Paige senses a shift in Eve’s mood, but doesn’t know what to make of it, so she gives her a hug and leaves. Eve returns to Rory, lighter with the perspective that I haven’t completely abandoned her.

Orchestrating mini moments of comfort is great, but Eve leaves in two months and I continue to ascend in little surges, so my timeframe to help is shrinking in both directions. So far, elevating hasn’t weakened my clout, but I’m nervous it soon will. I need to establish Rory as a permanent replacement while I can. I continue my initial incant. Rory is lonely. Rory is lonely.

Back and forth they go, evaluating wind speed, the efficiency of different containers, heat’s exponential decay.… Rory lost me during the introduction on the first day, but Eve leverages Brady’s gene pool to follow along. It’s amazing to witness Eve learning from her mind’s eye. She’s brighter than I appreciated. Eve always delivered good grades, but I assumed she had to work for it. She doesn’t, not really, not the way I did. Her brain operates in the fast lane, absorbing most concepts without much concentration, and once it’s there—zap—so it remains without notes or flash cards or zany mnemonic devices. If I hadn’t worked hard I’d have been a C student. I was motivated solely by the ambition to not end up like my mother (and, yes, I appreciate the irony of that). My father, who publically lamented having no sons, said he’d only pay for his girls to go to college if we earned straight As, no exceptions. Meg and I both knew he was the kind of man who’d look at a B + in wood shop and say, “Damn. You were so close,” completely ignoring that the rule was arbitrary. So we both got 4.0s. For Meg, it was a breeze. For me, English was the only freebie.

When I quit work to stay home my mom didn’t consider their college investment a waste. “She landed a great husband because of that degree,” she claimed, unaware people stopped valuing her opinion decades ago. “Brady wasn’t going to end up with some nitwit.”

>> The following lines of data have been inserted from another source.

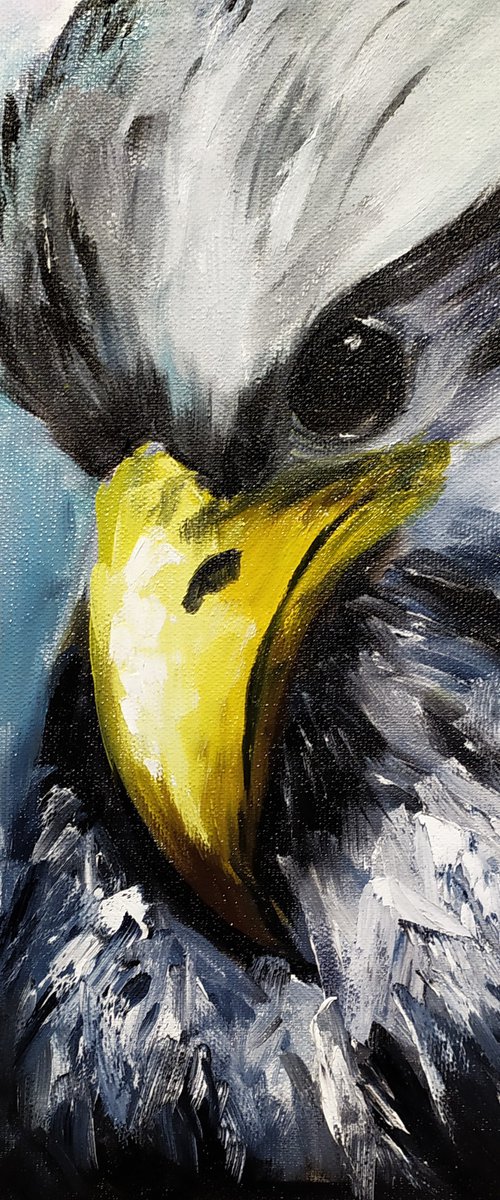 Young eagle by Nataliia Plakhotnyk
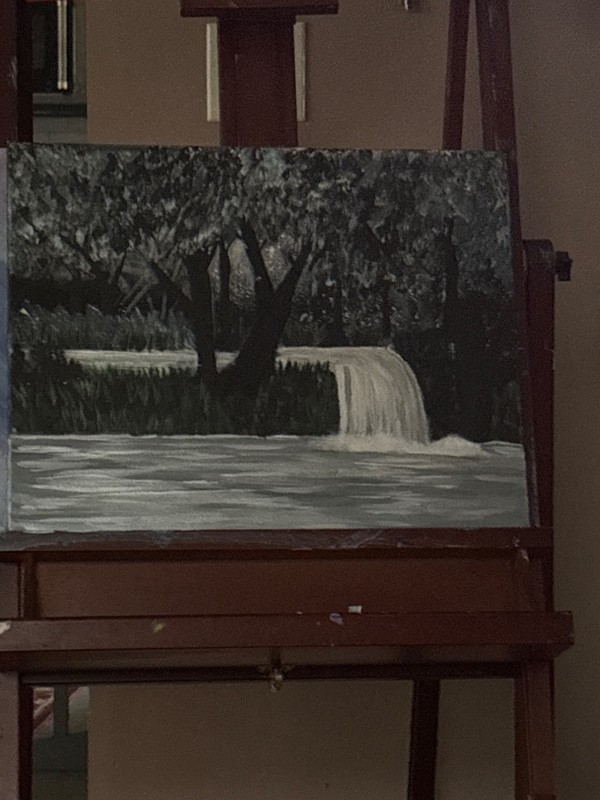 Waterfall in the Forrest gallery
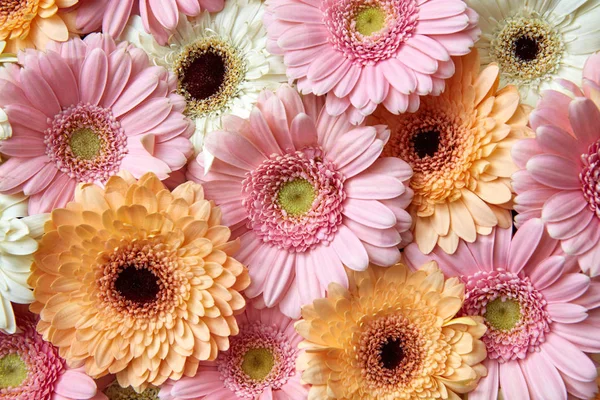Komposition Von Frischen Gerbera Blumen Valentinstag Muttertag März Tageskarte — Stockfoto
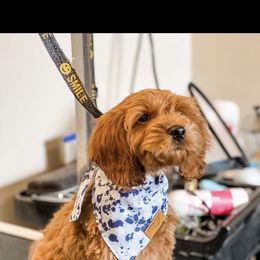 Cash - Cockapoo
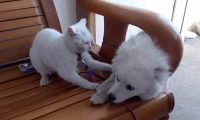 主人带狗去剪毛，回来后猫主子非常厌弃：丑拒，离我远点儿
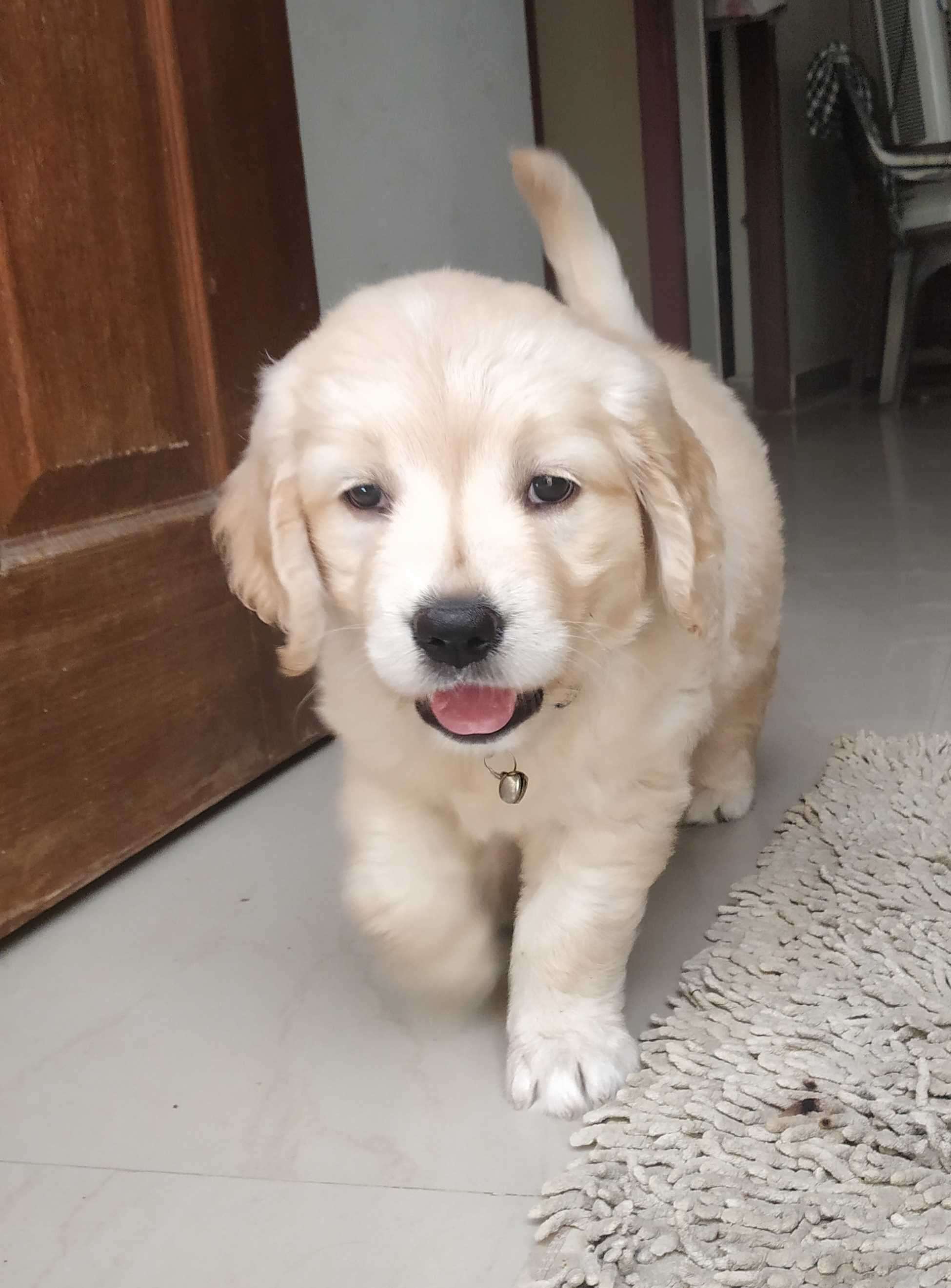 Golden Retriever For Sale In Madurai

My father wasn’t convinced. He pulled me aside and said, “You do realize what your mom has—the crazies and the drinking—is genetic. You squirrel away in a house all day long enough, you’ll end up a drunk. Don’t screw with your potential.” But there was no genius in me. I memorized information whereas Eve consumes it. It’s an important nuance. I could only recite what Eve understands.

Rory collects her papers to leave. I pick up the pace. Rory is lonely, Rory is lonely, Rory is lonely. “If you tackle the practice problems before Monday we can start in on chapter four.” Eve stares at Rory’s left hand, not responding. Typical of our society, she associates loneliness with lacking a man. “Earth to Eve,” Rory says, waving. “What are you looking at?”